▶ [EXERCISE]
Copy exactly, and only, the lines from the line containing "视频评测VS配重水泥灰胶迪4" through the last line of the records below, both included, and leave out any pictures.

▶ [DATA FOR THE TASK]
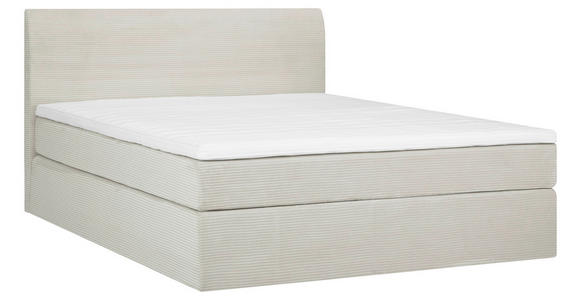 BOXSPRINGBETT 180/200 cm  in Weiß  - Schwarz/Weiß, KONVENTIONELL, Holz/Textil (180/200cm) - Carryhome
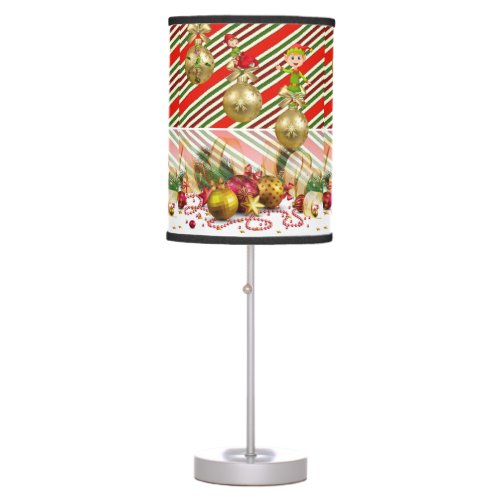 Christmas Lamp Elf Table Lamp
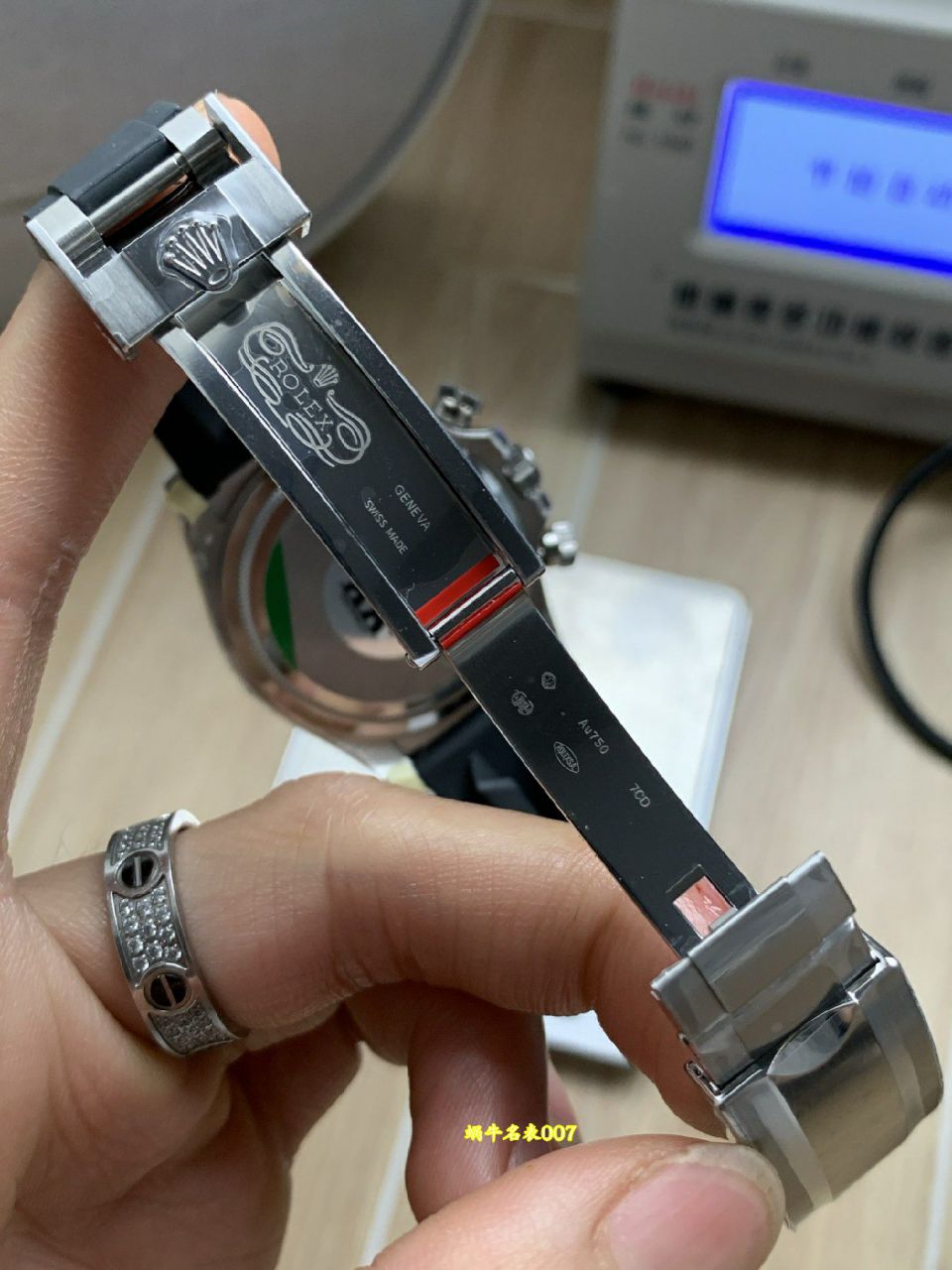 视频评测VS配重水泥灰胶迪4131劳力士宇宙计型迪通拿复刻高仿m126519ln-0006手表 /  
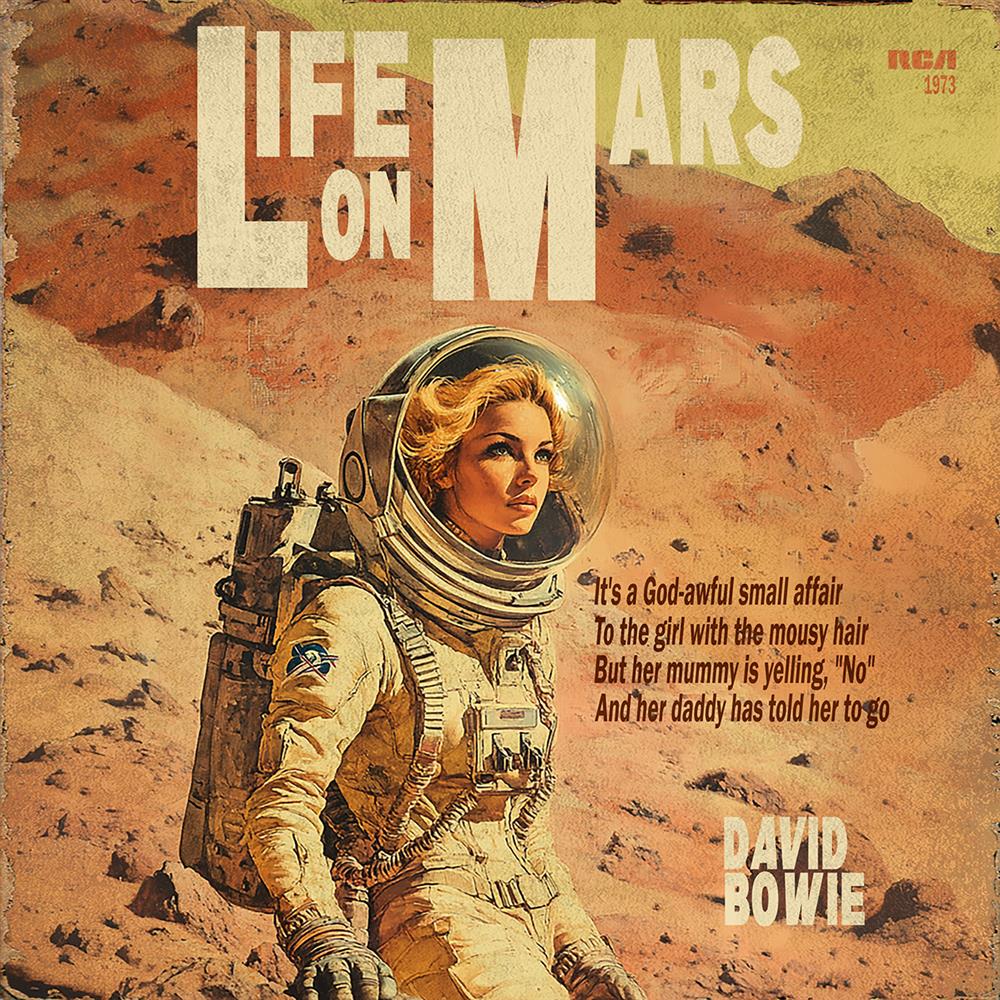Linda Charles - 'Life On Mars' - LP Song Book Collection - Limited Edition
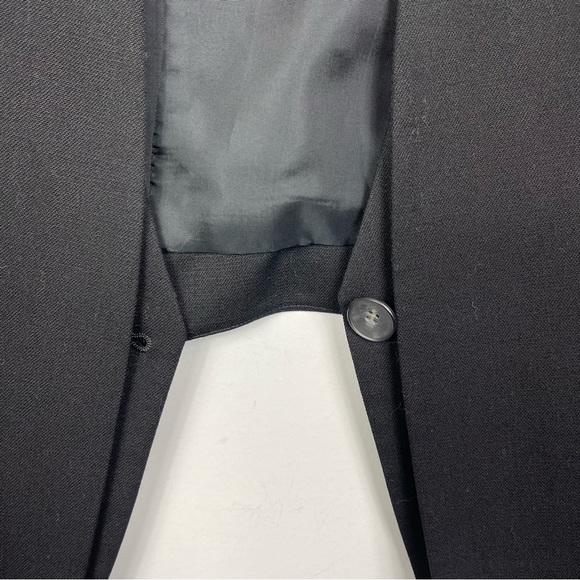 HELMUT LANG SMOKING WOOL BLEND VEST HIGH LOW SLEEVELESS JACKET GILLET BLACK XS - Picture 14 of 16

▶ [ANSWER TO THIS EXERCISE]
 视频评测VS配重水泥灰胶迪4131劳力士宇宙计型迪通拿复刻高仿m126519ln-0006手表 /  
Linda Charles - 'Life On Mars' - LP Song Book Collection - Limited Edition
 HELMUT LANG SMOKING WOOL BLEND VEST HIGH LOW SLEEVELESS JACKET GILLET BLACK XS - Picture 14 of 16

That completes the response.